**Competition Name:**  
*CIBMTR - Equity in post-HCT Survival Predictions*

**Objective:**  
The competition seeks to improve the prediction of transplant survival rates for allogeneic hematopoietic stem cell transplantation (HCT) patients.
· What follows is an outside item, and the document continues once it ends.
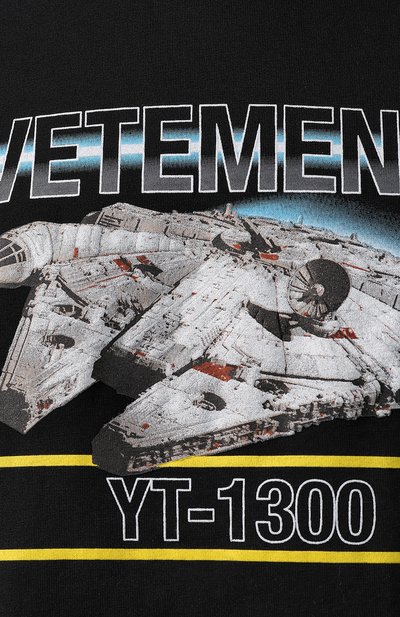 Хлопковая футболка star wars x vetements xl VETEMENTS, арт. USW21TS004 1600/W, фото 5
The emphasis is on generating predictions that are not only accurate but also equitable across diverse racial and demographic groups.

# Training Code

**Libraries and Load Train Data**

In [7]:
import numpy as np
import pandas as pd
import lightgbm as lgb
import xgboost as xgb
import catboost as cb
from lightgbm import log_evaluation
from sklearn.model_selection import StratifiedKFold
from lifelines import NelsonAalenFitter
from lifelines.utils import concordance_index
import joblib
import os

# Load Data
train = pd.read_csv("/content/train.csv")
test = pd.read_csv("/content/test.csv")

# Ensure model directory exists
MODEL_DIR = "/content/models"
os.makedirs(MODEL_DIR, exist_ok=True)

**Feature Engineering**

In [8]:
# Feature Engineering
def add_features(df):
    df['donor_age_hct_diff'] = df['donor_age'] - df['age_at_hct']
    df['comorbidity_karnofsky_ratio'] = df['comorbidity_score'] / (df['karnofsky_score'] + 1)
    if 'efs_time' in df.columns:
        df['efs_time_log'] = np.log1p(df['efs_time'])
    df['year_hct_adjusted'] = df['year_hct'] - 2000
    df['is_cyto_score_same'] = (df['cyto_score'] == df['cyto_score_detail']).astype(int)
    return df

train = add_features(train)
test = add_features(test)

**Encode Categorical Features**

In [9]:
# Feature Selection
RMV = ["ID", "efs", "efs_time", "y", "efs_time_log"]
FEATURES = [c for c in train.columns if c not in RMV]

# Encode categorical features
for col in train.select_dtypes(include=['object', 'category']).columns:
    train[col] = train[col].astype('category').cat.codes
    test[col] = test[col].astype('category').cat.codes

**Nelson-Aalen Target Transformation**

In [10]:
# Nelson-Aalen Target Transformation
def create_nelson(data):
    naf = NelsonAalenFitter(nelson_aalen_smoothing=0)
    naf.fit(durations=data['efs_time'], event_observed=data['efs'])
    return naf.cumulative_hazard_at_times(data['efs_time']).values * -1

train["y_nel"] = create_nelson(train)
train.loc[train.efs == 0, "y_nel"] = (-(-train.loc[train.efs == 0, "y_nel"])**0.5)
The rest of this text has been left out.